An AP article on ESPN talked about how, on Monday, Redskins Head Coach Mike Shanahan referenced the injury card when discussing the defense, which has been, to shamelessly borrow a Halloween-appropriate word, ghoulish:
“Shanahan said he thought the defense was going to be the strength of the team, but it’s not the same unit he expected because of injuries to starters Brian Orakpo, Adam Carriker, Brandon Meriweather and some backups, as well as Tanard Jackson’s season-long suspension for failing a drug test.
‘”That doesn’t mean that we’re not going to improve in the second half of the season,’ Shanahan said.”

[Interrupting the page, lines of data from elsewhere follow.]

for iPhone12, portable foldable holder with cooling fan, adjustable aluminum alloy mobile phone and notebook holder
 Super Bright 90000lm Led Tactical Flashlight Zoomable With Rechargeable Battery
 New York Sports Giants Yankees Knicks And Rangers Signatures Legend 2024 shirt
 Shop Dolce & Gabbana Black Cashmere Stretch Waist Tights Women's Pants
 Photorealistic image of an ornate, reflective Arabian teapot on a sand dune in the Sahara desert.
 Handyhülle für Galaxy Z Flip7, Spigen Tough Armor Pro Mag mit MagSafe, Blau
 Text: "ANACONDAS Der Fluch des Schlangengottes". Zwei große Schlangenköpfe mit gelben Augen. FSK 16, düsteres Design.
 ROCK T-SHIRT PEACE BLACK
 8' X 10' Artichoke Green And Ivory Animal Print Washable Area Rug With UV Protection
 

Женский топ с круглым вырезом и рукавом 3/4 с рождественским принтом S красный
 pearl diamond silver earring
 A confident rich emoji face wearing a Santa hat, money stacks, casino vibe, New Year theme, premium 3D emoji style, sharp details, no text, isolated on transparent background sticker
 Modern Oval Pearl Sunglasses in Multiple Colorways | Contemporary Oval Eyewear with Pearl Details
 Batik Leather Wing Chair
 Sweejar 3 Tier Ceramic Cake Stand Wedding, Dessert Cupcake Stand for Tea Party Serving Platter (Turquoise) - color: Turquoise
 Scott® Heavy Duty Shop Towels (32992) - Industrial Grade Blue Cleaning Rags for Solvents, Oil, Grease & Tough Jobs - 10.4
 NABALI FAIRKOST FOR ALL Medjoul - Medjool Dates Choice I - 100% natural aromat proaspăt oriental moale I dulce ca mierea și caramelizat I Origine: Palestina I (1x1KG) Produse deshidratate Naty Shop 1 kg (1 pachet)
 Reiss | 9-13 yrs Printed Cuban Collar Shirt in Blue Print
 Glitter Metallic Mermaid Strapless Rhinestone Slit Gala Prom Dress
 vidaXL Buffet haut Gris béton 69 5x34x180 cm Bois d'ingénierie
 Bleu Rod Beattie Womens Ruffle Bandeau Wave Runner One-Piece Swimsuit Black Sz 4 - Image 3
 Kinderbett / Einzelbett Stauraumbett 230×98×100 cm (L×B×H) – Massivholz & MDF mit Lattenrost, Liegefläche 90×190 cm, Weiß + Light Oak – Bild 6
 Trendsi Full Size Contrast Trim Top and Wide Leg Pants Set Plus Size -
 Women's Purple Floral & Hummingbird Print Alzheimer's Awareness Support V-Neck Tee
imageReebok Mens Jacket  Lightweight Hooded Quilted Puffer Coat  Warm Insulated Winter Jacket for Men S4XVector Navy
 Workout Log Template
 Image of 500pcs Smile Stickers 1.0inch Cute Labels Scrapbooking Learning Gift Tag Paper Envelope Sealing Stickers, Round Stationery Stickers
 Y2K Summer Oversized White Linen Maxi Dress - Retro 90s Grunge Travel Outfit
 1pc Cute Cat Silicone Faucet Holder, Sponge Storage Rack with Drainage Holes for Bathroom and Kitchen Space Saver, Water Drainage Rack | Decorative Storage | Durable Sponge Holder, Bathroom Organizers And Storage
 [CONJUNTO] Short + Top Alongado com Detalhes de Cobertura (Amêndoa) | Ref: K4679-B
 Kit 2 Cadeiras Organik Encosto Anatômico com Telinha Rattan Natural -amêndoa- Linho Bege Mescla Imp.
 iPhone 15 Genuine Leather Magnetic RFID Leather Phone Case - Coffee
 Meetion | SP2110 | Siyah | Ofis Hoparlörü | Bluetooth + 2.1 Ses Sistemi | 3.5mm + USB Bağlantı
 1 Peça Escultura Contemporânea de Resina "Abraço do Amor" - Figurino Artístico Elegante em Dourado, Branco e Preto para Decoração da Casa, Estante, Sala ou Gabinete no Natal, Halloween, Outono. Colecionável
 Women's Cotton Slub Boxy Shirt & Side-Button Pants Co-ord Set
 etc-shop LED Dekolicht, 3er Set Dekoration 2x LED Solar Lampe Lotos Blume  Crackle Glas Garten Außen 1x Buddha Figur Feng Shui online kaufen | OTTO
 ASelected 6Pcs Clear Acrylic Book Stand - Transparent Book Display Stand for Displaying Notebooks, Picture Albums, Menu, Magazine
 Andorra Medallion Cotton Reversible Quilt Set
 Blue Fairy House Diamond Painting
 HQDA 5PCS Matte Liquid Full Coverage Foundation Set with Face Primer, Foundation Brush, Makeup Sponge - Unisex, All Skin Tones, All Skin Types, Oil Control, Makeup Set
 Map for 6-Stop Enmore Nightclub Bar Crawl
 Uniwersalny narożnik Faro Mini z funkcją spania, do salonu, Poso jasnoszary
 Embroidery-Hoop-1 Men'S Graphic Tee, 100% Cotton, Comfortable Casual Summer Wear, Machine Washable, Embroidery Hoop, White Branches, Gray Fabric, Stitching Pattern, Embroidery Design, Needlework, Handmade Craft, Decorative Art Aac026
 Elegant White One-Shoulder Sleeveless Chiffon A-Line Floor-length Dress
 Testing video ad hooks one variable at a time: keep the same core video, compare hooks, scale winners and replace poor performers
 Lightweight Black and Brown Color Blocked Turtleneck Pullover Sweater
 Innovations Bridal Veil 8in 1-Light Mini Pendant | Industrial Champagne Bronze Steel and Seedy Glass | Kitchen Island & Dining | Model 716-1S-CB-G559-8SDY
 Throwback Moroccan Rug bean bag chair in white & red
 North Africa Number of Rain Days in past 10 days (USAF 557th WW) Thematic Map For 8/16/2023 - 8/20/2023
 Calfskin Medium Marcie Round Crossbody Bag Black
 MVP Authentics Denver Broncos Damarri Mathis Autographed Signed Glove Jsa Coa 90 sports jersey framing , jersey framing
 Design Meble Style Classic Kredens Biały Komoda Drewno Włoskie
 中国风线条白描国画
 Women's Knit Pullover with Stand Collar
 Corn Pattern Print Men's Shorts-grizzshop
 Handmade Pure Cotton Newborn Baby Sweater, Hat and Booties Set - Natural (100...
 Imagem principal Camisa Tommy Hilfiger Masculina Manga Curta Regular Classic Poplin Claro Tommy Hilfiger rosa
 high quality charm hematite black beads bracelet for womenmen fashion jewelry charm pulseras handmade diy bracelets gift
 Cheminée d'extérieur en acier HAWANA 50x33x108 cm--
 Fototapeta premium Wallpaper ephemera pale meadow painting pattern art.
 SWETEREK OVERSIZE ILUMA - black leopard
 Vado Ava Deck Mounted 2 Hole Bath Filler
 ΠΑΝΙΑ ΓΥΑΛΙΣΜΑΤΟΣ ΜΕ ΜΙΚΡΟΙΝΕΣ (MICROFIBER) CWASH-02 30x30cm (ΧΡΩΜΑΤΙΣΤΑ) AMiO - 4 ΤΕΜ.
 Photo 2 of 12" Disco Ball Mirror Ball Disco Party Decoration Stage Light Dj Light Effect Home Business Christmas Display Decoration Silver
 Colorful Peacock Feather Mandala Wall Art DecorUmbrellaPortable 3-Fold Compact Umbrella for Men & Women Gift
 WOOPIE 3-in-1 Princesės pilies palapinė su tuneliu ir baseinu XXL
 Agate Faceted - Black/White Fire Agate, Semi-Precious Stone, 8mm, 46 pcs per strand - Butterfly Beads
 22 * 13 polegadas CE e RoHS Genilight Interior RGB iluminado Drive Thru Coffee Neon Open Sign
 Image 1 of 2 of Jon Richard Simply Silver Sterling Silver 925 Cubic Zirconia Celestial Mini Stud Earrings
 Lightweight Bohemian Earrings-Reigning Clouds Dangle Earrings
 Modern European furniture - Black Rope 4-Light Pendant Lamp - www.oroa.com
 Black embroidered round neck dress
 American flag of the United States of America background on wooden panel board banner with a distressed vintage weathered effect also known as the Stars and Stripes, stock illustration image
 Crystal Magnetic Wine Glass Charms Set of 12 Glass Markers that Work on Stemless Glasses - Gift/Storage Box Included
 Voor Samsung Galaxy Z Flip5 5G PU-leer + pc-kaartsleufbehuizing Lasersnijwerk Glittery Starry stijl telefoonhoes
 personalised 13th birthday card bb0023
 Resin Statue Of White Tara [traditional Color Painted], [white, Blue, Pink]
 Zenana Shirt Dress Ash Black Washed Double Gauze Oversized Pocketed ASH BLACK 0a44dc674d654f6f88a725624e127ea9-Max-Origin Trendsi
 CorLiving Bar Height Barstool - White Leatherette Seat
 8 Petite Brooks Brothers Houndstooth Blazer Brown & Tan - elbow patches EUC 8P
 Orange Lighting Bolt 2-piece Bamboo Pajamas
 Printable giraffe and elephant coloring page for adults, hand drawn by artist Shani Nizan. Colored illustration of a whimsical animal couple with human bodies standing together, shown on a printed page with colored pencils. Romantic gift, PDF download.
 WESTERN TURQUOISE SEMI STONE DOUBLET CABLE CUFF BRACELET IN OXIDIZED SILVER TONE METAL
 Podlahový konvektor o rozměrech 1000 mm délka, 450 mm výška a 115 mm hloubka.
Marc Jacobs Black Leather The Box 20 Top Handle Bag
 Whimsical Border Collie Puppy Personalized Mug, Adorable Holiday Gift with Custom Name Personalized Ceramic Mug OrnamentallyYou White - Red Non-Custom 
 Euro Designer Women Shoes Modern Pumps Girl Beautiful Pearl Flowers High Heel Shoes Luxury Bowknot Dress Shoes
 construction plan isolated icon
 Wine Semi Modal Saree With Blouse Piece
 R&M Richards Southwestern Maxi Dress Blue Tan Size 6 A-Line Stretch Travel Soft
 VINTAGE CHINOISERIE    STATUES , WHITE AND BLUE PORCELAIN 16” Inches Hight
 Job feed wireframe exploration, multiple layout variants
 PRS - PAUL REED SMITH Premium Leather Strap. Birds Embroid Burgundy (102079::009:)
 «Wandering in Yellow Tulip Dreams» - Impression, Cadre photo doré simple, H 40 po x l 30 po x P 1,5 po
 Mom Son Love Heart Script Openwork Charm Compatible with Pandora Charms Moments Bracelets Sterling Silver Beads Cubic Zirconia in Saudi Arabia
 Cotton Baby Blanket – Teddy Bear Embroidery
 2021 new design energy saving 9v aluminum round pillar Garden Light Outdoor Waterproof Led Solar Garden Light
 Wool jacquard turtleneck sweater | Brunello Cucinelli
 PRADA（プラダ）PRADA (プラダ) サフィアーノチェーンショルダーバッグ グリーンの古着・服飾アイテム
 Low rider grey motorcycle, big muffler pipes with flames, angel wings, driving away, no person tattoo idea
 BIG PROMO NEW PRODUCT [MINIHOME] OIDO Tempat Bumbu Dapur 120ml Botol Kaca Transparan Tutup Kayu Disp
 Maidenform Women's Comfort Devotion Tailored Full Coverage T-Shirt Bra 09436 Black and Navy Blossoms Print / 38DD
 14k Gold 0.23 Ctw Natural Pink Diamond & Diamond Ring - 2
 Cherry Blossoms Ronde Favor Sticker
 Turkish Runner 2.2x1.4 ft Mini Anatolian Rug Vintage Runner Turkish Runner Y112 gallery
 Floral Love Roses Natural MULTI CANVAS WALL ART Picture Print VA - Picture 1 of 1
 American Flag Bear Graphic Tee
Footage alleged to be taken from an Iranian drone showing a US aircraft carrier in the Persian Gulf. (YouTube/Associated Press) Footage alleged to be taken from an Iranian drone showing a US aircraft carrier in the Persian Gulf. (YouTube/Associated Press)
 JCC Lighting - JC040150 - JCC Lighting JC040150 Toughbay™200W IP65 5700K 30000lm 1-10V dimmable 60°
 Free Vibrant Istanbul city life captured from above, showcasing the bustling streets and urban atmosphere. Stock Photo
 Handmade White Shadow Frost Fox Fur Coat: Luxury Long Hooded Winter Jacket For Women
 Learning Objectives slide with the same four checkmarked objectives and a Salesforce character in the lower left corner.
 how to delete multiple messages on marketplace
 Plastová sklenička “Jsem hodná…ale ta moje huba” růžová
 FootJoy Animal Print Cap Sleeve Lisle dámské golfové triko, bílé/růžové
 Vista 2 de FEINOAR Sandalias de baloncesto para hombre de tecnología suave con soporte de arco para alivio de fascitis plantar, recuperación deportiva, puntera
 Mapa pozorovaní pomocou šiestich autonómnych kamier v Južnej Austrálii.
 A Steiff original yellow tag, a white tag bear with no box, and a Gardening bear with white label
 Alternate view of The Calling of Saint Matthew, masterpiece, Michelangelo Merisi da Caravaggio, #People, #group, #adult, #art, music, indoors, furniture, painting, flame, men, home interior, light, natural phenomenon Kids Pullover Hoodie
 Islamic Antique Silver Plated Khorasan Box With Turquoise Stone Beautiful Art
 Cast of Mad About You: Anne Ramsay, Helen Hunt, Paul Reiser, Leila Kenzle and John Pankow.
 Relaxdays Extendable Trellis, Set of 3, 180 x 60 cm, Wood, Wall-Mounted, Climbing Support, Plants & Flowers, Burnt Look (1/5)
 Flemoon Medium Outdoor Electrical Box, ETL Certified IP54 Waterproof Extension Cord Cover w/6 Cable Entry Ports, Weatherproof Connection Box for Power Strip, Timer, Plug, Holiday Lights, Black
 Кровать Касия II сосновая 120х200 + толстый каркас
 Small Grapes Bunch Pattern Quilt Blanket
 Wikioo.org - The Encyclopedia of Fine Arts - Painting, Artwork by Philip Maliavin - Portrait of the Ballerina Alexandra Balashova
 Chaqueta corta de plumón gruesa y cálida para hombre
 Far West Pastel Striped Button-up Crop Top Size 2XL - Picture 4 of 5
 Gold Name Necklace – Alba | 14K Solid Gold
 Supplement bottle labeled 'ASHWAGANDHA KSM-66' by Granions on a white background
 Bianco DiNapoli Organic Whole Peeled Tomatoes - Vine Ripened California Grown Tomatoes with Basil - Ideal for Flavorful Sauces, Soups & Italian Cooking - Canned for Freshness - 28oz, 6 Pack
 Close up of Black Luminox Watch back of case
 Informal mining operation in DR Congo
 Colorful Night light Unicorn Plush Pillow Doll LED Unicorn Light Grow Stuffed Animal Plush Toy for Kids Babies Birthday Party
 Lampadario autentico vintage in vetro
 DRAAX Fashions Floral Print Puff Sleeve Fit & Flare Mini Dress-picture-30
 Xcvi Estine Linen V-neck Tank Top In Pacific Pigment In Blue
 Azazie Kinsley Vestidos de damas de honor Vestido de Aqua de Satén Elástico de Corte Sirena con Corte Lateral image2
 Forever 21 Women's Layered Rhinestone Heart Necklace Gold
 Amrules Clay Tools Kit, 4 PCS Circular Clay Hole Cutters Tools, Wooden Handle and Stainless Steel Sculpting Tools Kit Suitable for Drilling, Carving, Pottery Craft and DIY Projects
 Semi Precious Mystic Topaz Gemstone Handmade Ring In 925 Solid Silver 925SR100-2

Injuries are a legitimate factor in the struggles of the Redskins’ defense. But the Steelers weren’t immune from defensive injuries either, and that didn’t stop them Sunday from being effective against one of the NFL’s most potent offenses. Ironically, Mike Tomlin is citing his defense and special teams as the reason the Steelers are only 4-3, according to this ESPN article.
Fretting over injuries is a great way to end up at 3-13, not .500 or possible playoff contention. That’s one of the most fascinating aspects of the New England Patriots’ dominance in the past decade. The personnel may change, but Bill Belichick knows how to adapt for success. If Redskins fans want the inebriation of a dominant franchise, that’s a useful lesson to learn now rather than later.
The play calling also has to get smarter. Not necessarily better (they have a lot of points), but smarter. The decision to have RGIII play wide receiver on one down has already received its due disgust. But the Redskins’ impressive fourth-down conversions, which finally stalled Sunday, beg the question: if the Redskins pick the right plays to call on fourth down, why can’t they do that on third down? They’re 29th in the league in third down conversion percentage, and third in fourth down conversion percentage. They’ve only missed one. And their fourth-down attempts are not a small sample size.
Then there’s the whole dropped passes situation. As someone who’s unlikely to catch even car keys when they’re tossed at me from a few feet away, I get that catching a pass isn’t as easy as A.J. Green makes it look, especially with a Pittsburgh defense breathing down on you. But it’s also a pretty crucial part of the job description. And to back up this football principle, I reference not ESPN, but Gisele Bundchen’s infamous statement after her husband lost the Super Bowl this year: “My husband cannot ******* throw the ball and catch the ball at the same time. I can’t believe they dropped the ball so many times.”
And to end on a more fashionable note, the Redskins can take comfort in one thing from Sunday: bottom line, nothing was as wrong as the Steelers’ uniforms.